Lions could find playmaking cornerbacks, depth outside NFL draft’s first round

Detroit News

Indianapolis — With all due respect to Amani Oruwariye’s six-interception season in 2021, it’s been a minute since the Detroit Lions have had a consistent, playmaking cornerback on the roster.

Since trading Darius Slay to the Philadelphia Eagles following the 2019 season, the team hasn’t been able to find a guy at that position capable of steadily racking up pass breakups and interceptions.

So, with the team perceived to be on the hunt for an upgrade at the position this offseason, it’s easy to imagine finding a corner capable of generating turnovers being a priority. After all, the Lions haven’t finished in the top half of the league in interceptions since 2017, when Slay paced the NFL with eight picks.

At the NFL Scouting Combine this week, two of the best playmakers from this draft class, Mississippi State’s Emmanuel Forbes and Utah’s Clark Phillips III fielded media questions from side-by-side podiums. Between them, they intercepted a dozen passes last season, both crediting their film-study habits as a key component to their success.

Neither is being mentioned among the top three or four at the position, but each could sneak into the back end of the first round come April, particularly if they test well at the Combine and/or their pro day. But realistically, largely due to concerns with their size, both are likely Day-2 prospects.

Even before Forbes listed him as a mentor and the player he modeled his game after, the mind drifts to Slay when looking at Forbes. They’re around the same height, both long, played at the same college and projected to come off the board in the same range during their respective drafts. The Lions snagged Slay in the early stages of the second round in 2013.

A common football cliché is cornerbacks are former receivers who couldn’t catch, but that doesn’t apply to Forbes. He intercepted 14 passes across three seasons for the Bulldogs. According to him, his transition from offense to defense was centered around a desire to get away from taking hits to being the one delivering them. The downside, and probably one of the key factors anchoring the 6-foot-1 Forbes’ stock, is he weighed just 166 pounds at the Combine.

If Forbes gives off vibes of Slay, it’s not a stretch to suggest Phillips could remind Lions fans of Quandre Diggs, another playmaking defensive back the team traded away during coach Matt Patricia’s time with the franchise.

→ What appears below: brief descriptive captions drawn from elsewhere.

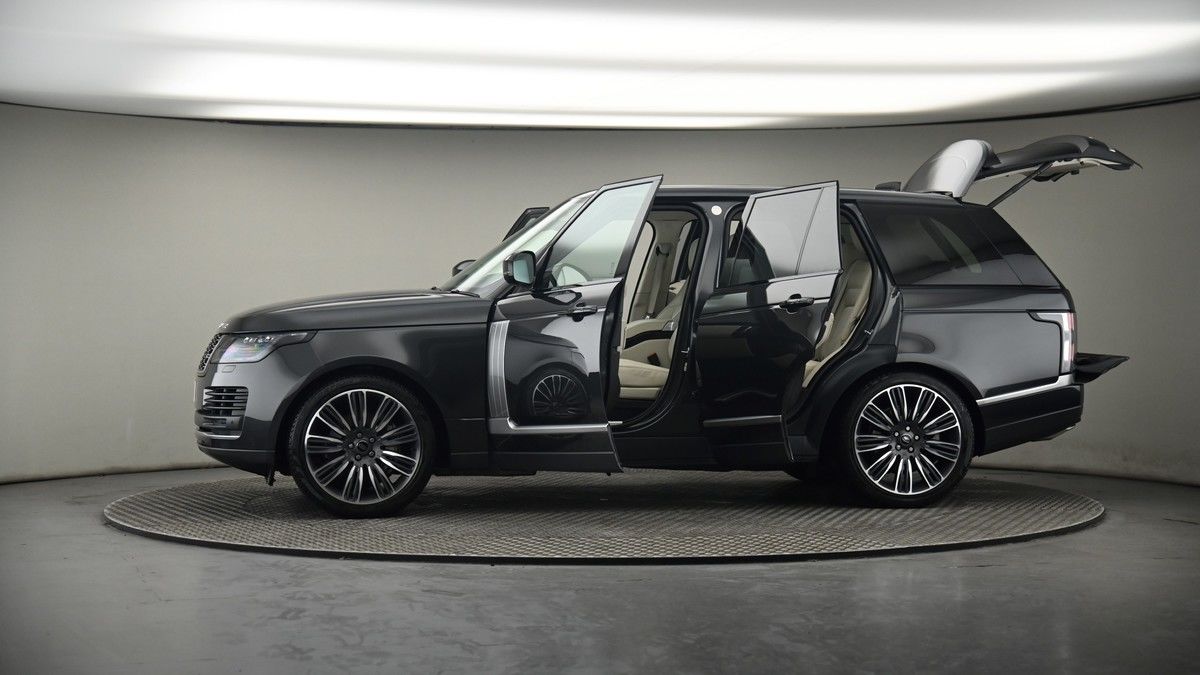 More views of Land Rover Range Rover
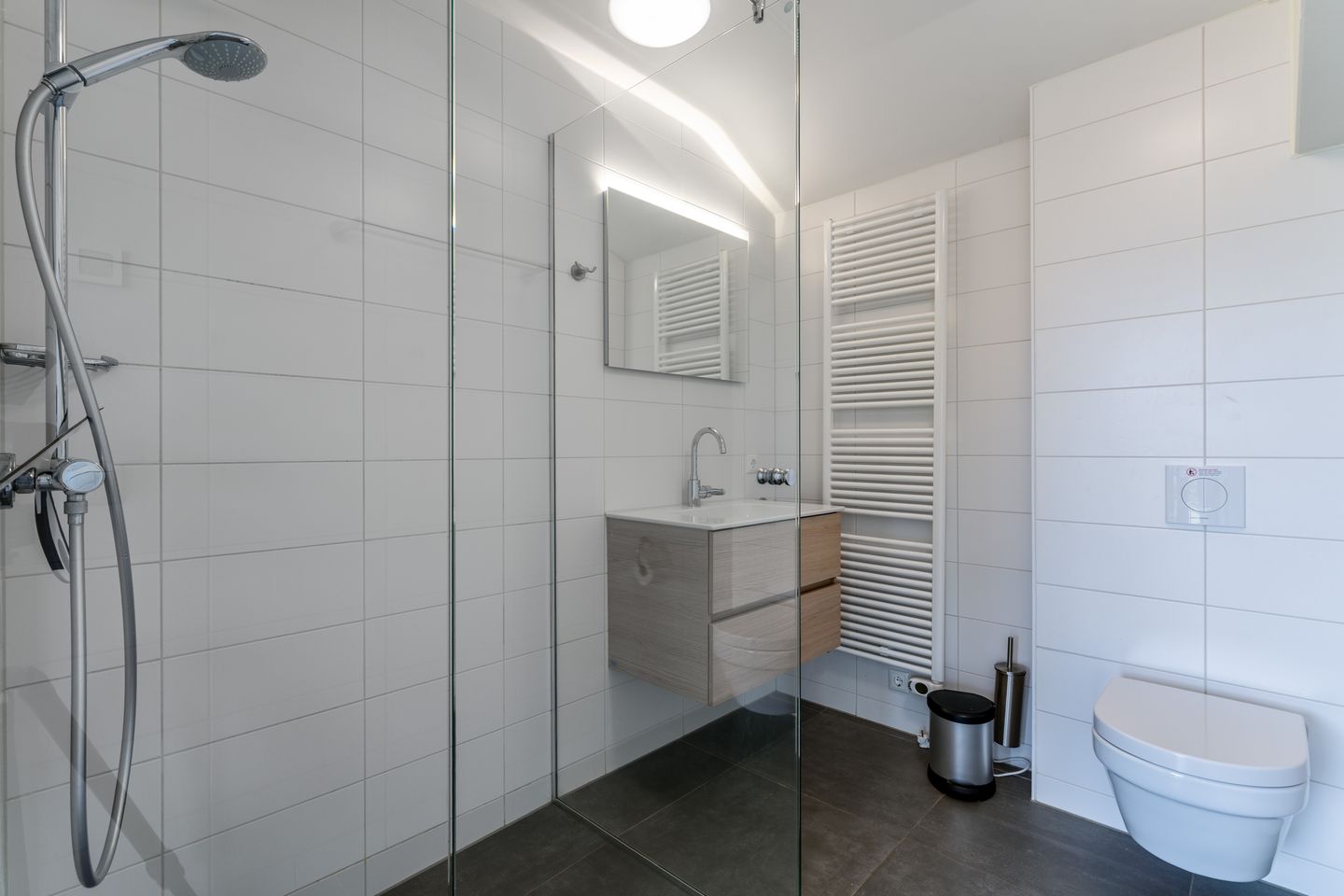 Foto 20 van Nieuwesluisweg 1-A706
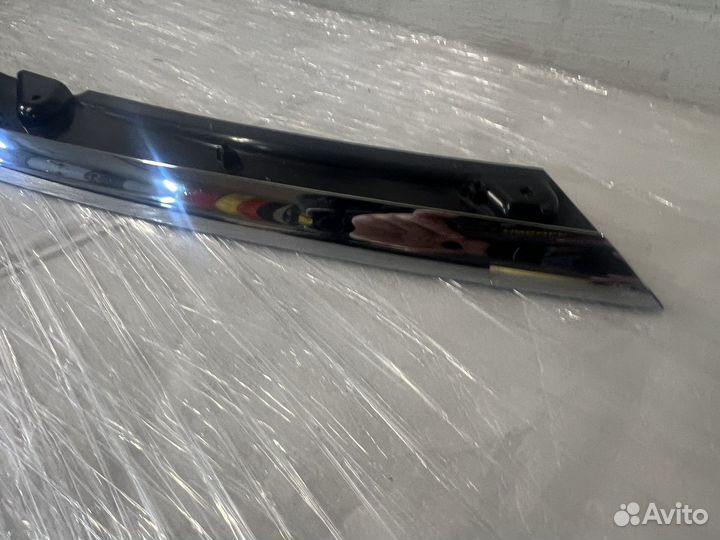 Накладка (ресничка) правой фары к VW Passat B8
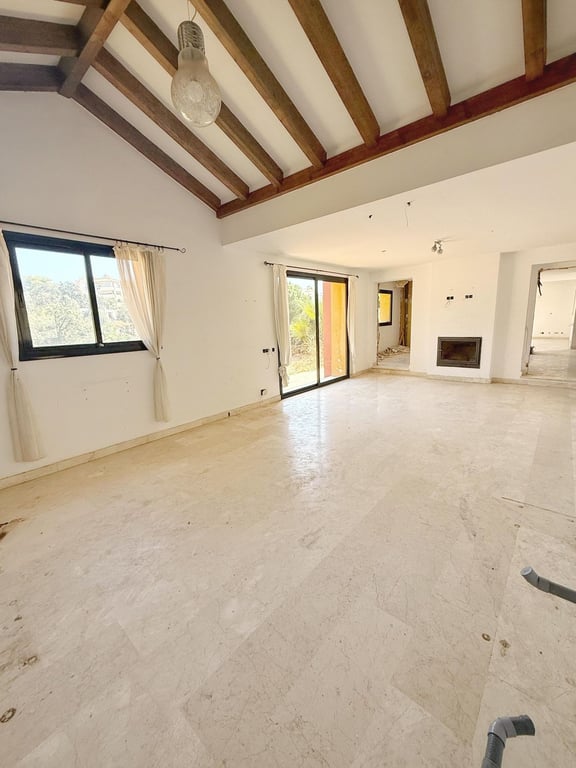 Villa in Elviria - Image 3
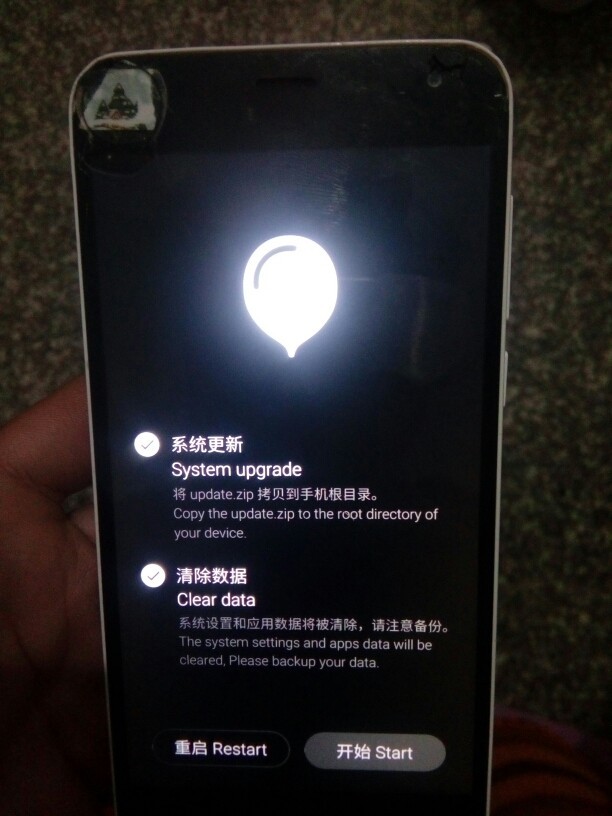救命呀，杀人了，放火了，非礼大帅哥。
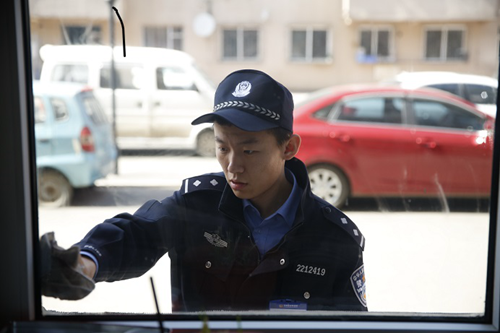 青年民警义务劳动2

Admittedly, that loose comparison is based more on the two players’ size, and chip-on-the-shoulder demeanor, than their playing style. Phillips is listed at 5-foot-10, but that measurement hardly impacted his ability to get his hands on throws. Stanford quarterback Tanner McKee called him one of the best cornerbacks he faced in college.

“He flipped his hips,” McKee said. “Felt like he was able to disguise what he was going to do, and what the defense was doing, very well.”

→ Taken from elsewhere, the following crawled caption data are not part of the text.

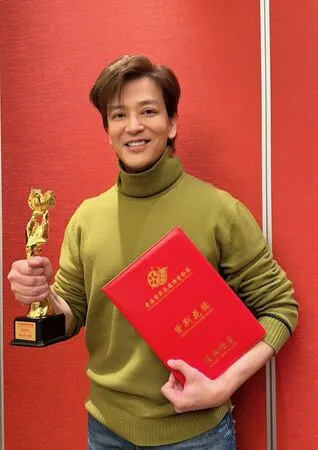 ▲陳曉東補領影帝獎座，與謝天華同樂。（圖／火爆娛樂提供）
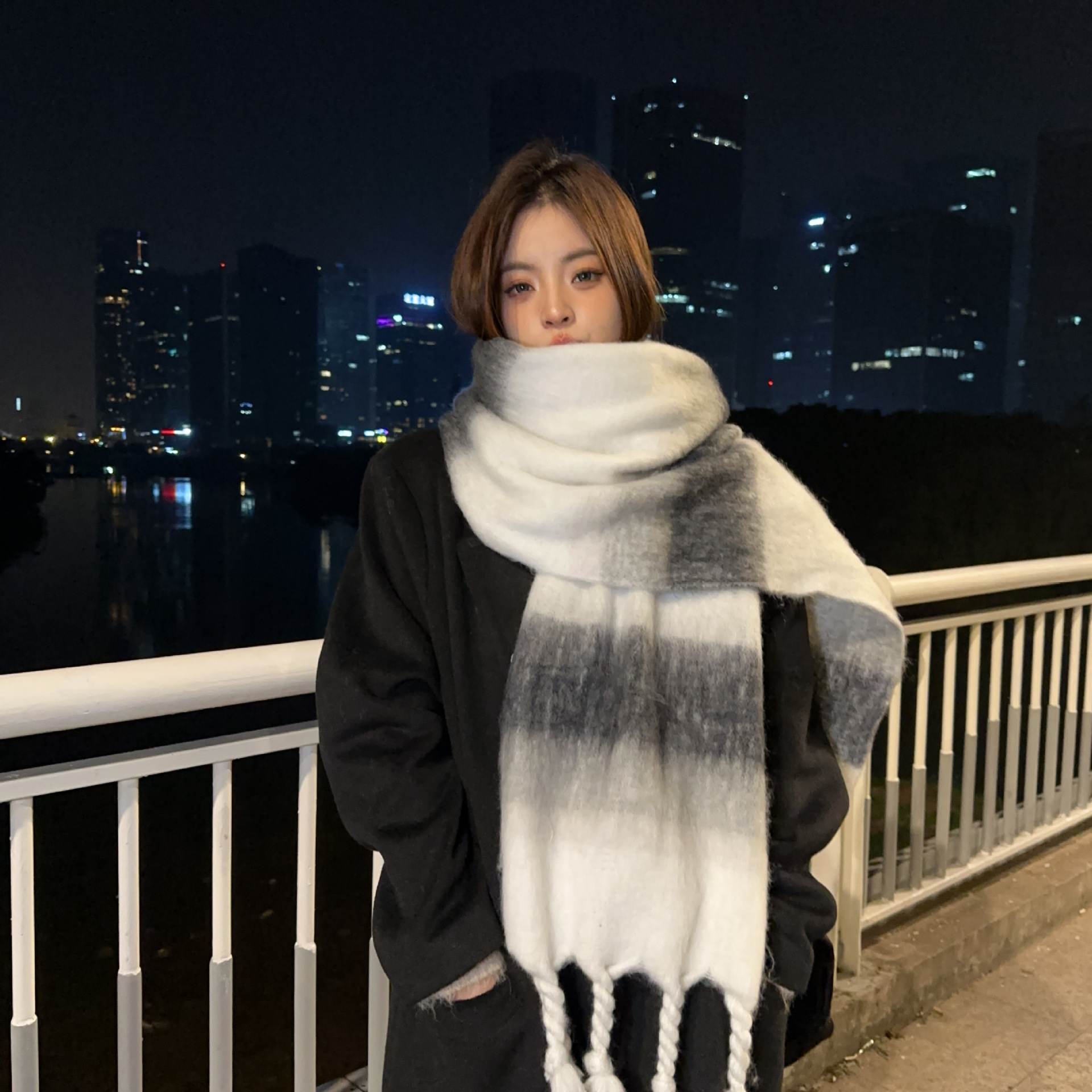 Autumn and Winter New Cashmere-like Plaid Scarf for Women Winter Korean Style Versatile High-Grade Shawl Thickened Warm Scarf Fashion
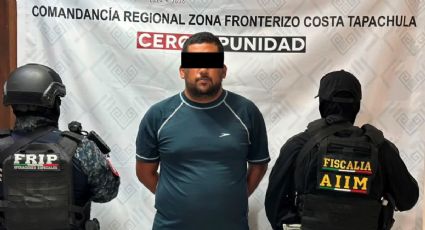 Detienen a maestro por hostigamiento y acoso sexual tras denuncia de una alumna durante evento escolar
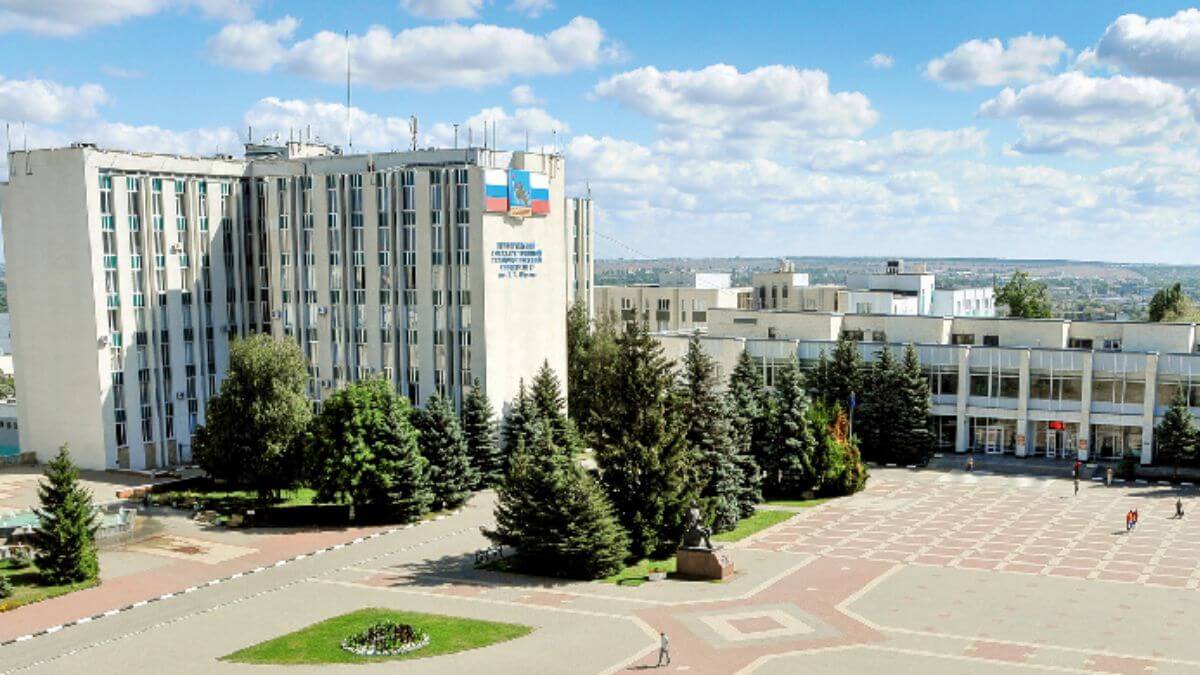 Khuôn viên rộng lớn của trường Đại học Công nghệ Quốc gia Belgorod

Phillips also brings versatility. Primarily an outside corner, he’d line up a full game in the slot for some matchups. He said he’d have no reservations about being a nickel back at the next level, if that’s what the team that drafts him feels is his best fit.

Lions defensive coordinator Aaron Glenn, who played cornerback for more than a decade in the NFL, said he’s yet to study this year’s group of prospects, preferring to save the position for last. But, he laid out the initial thing he’s looking for in a young corner.

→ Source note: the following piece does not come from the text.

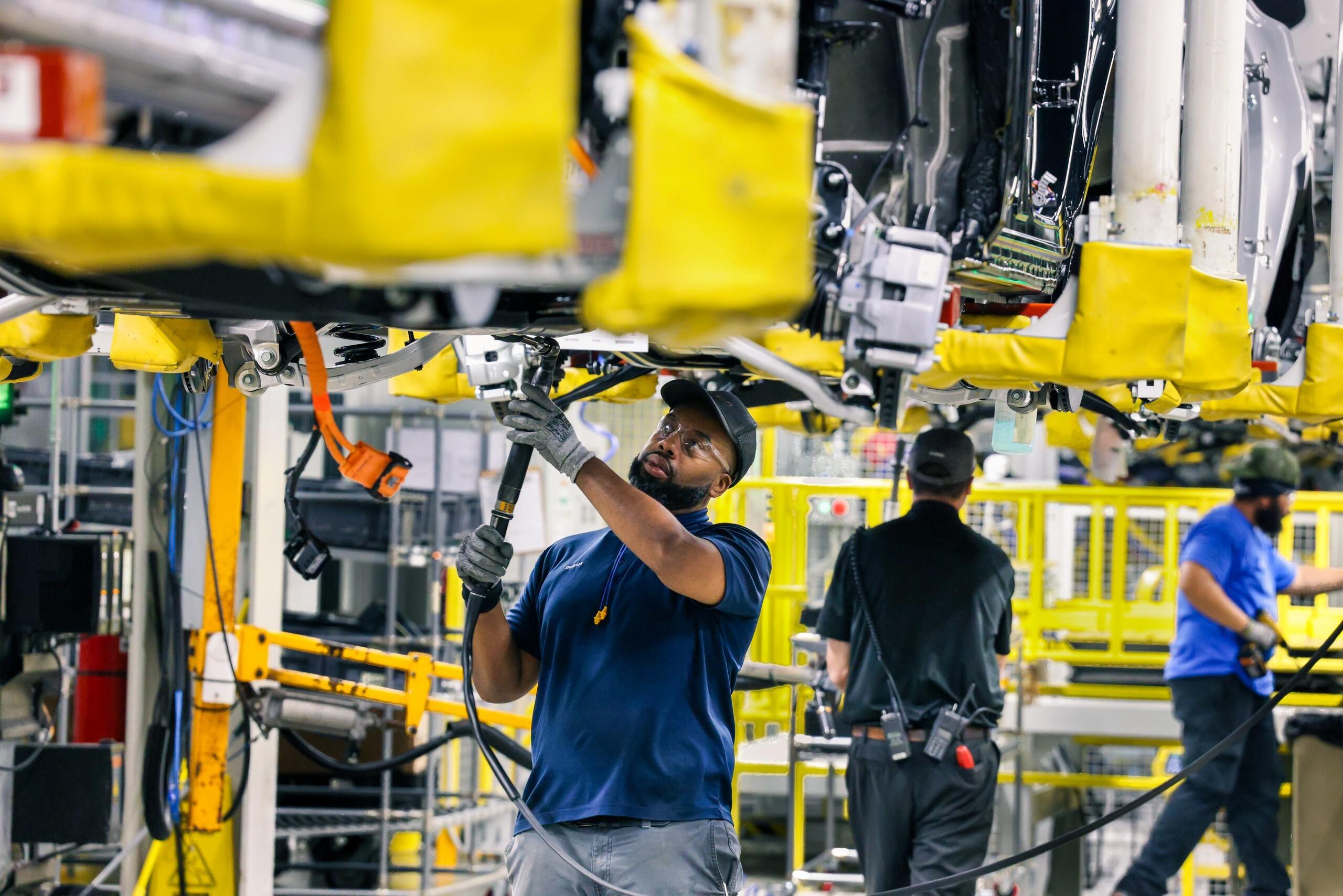 Hyundai construiu uma fábrica na Geórgia que produzia apenas veículos elétricos e agora começa a produzir modelos híbridos da Kia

“The first thing is personality. Like, how do they come in? How confident are they?” Glenn said. “I can tell right off the top if this is one of the guys that’s going to get after it, because of just the way he operates. There is a certain aura about him.

“…That shows up,” Glenn said. “And they can’t help themselves. Speaking from experience, they can’t hide it. And I think that’s one thing sometimes people miss on, they don’t look at that.”